This is the written version of a talk I gave at Nerd Nite Tokyo on November 18, 2022. It is not a transcription.

When browsing the Web, always make sure you are using HTTPS. It ensures that the connection between you and the service you're using is end-to-end encrypted, keeping you safe. This is common advice, and good advice.

But what does "end-to-end" actually mean? And does using HTTPS really ensure safety?

The answer is complicated; it grows more complicated each year. But, by starting with older, simpler systems, we can build up a mental model. That's why I'm going to start with Abraham Lincoln, make a stop in the 1980s, and finally wind up in the present day. There are two intertwined stories here: the story of surveillance and the story of freedom of access.

Private? Who cares?

What is valuable is always vulnerable, and as more of our lives have moved online, it is harder for us to understand what could be valuable to all the worst elements of society, whether hackers, stalkers, thieves, corporations, or governments. Some people may feel entirely safe in sharing everything, while others have reason to fear exposure. Protecting all of our communications is a prerequisite for protecting everyone, regardless of their needs.

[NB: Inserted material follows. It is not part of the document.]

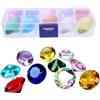 Uanqfegy Diamanti 10 pezzi/set 1 pollice - Gemme di vetro per bambini Set diamanti colorati con scatola Giochi subacquei per bomboniere in piscina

The telegram: professionals only

The telegram was the first means of instantaneous communication at a distance, though it differed critically from telephones and the Internet: operation required specialized equipment and operators, so messages were generally sent through centralized offices.

No reasonable person would expect their messages to remain shielded from strangers' eyes as they handed them over to be keyed in, and yet remarkably personal and private information was shared all the same, as seen in this archive of Civil War messages. Just as in the early days of the Internet, users placed a high degree of trust in the operators in exchange for the revolutionary abilities the telegraph afforded them.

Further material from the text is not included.